We are now in the midst of the bursting of the Big Government bubble, and the market is churning on EU debt fears. This Glimpse Into the Future of the Stock Market and Dollar takes a doom-agedon view of things, looking at the 100 year Dow Jones stock market chart and declaring: “The implications of this chart are not exactly Bullish, as it targets a long-term bottom between 1,000 and 600.”

Ahem. 1,000 would be less than 10% of the current DJIA level, of 11,300. So you could buy the entire stock market for a PE of under 2? The only way a 90% decline could happen is the same way it happened in 1929 to 1932 – A Great Depression. Earnings would have to collapse, the global economy will have to melt down in Global Depression 2.0, and we’d be eating grubs and twigs and burning our worthless bank statement for warmth. The fallaciousness is obvious – you cannot predict such an extreme economic outcome just based on extrapolating from lines on a backward-looking stock market chart.

115 years of DJIA

That same chart tells me a different story. In American stock market history, we have had period of “super-bull” cycles and “super-bear” cycles of 10 to 30 years each. In super-bulls, buy and hold got you multiple returns on your investments over 10 to 20 years. In super-bears, the market went up and down but didn’t crack previous highs; it was a ‘going nowhere’ market, where buy and hold folks either lost money or just broke even. Today, we are below the level of the market back in the tail end of the 1980s-2000 super-bull. The market has gone nowhere in 11 years, just like it spent 14 years in 1968-1982 going nowhere. The previous ‘going nowhere’ periods were also long ones, from 1908 to 1922, and the market took 25 years to recover from the crash of 1929.

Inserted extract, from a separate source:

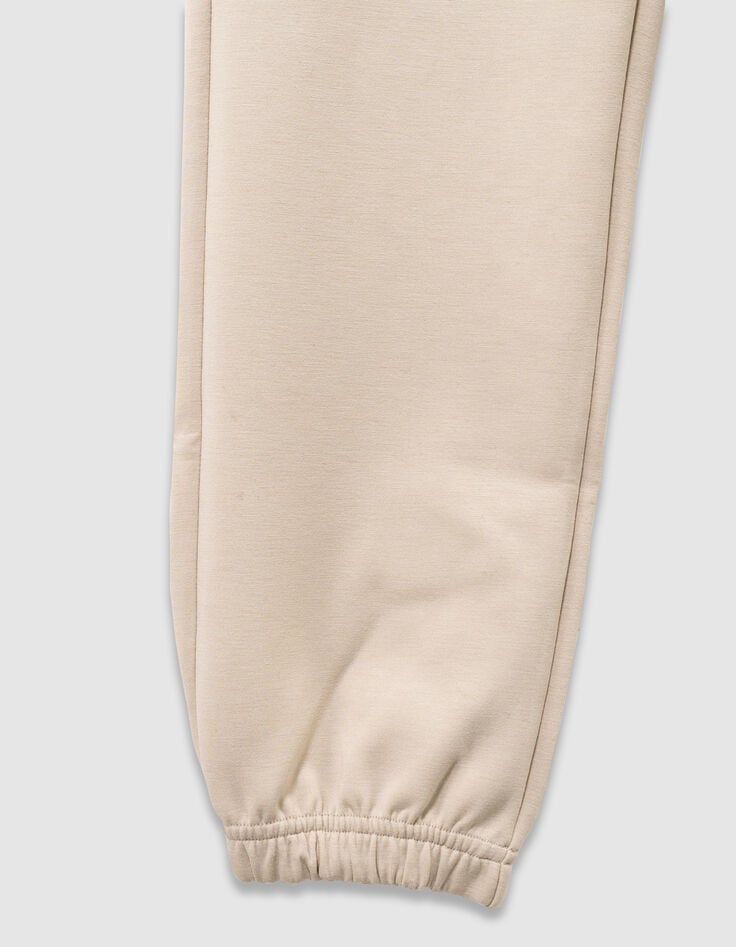 Boys’ beige cargo joggers-5 Boys’ beige cargo joggers-5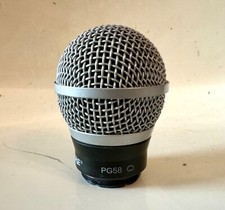 Capsula shure pg58 usato  Santa Maria Capua Vetere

Better questions might be: What is a reasonable low for this current super-bear ‘going nowhere’ market? I have an answer for that, the market level reached in march 2009 was a powerfully oversold and undervalued level, reached at a time when “Great Depression 2” was viewed as a plausible economic outcome, and given fundamental valuations it would be unlikely such lows would be breached. Moreover, didnt stay near that level long.

When can we expect the start of the next super-bull? Two prior super-bears took about 14 years to play out, and the Great Depression super-bear from 1929 ended in 1946, or 17 years. So sometime between 2013 and 2017 a new ‘super-bull’ cycle will start. Putting a partisan hat on, I’d point out that the 1946 super-bull started with a Republican Congress sweeping to power, and the 1982 super-bull was kicked off by President Reagan pushing through his Reaganomics. It’s not hard to predict that the replacement of Obama with a more market-friendly Republican could sow the seeds of a new super-bull.

How long will it take for the Nasdaq to reach 5,000 again? A worst-case bubble-then-depression required 25 years to recover to the peak value. So the Nasdaq would recover to 5,000 no later than 2025 if it were to follow a similar trajectory.

Until the super-bull kicks off (and we won’t know we are in it until the 1500 S&P level is breached), we are prone to further market dips, which in turn will bring more pessimistic doom-and-gloom predictions.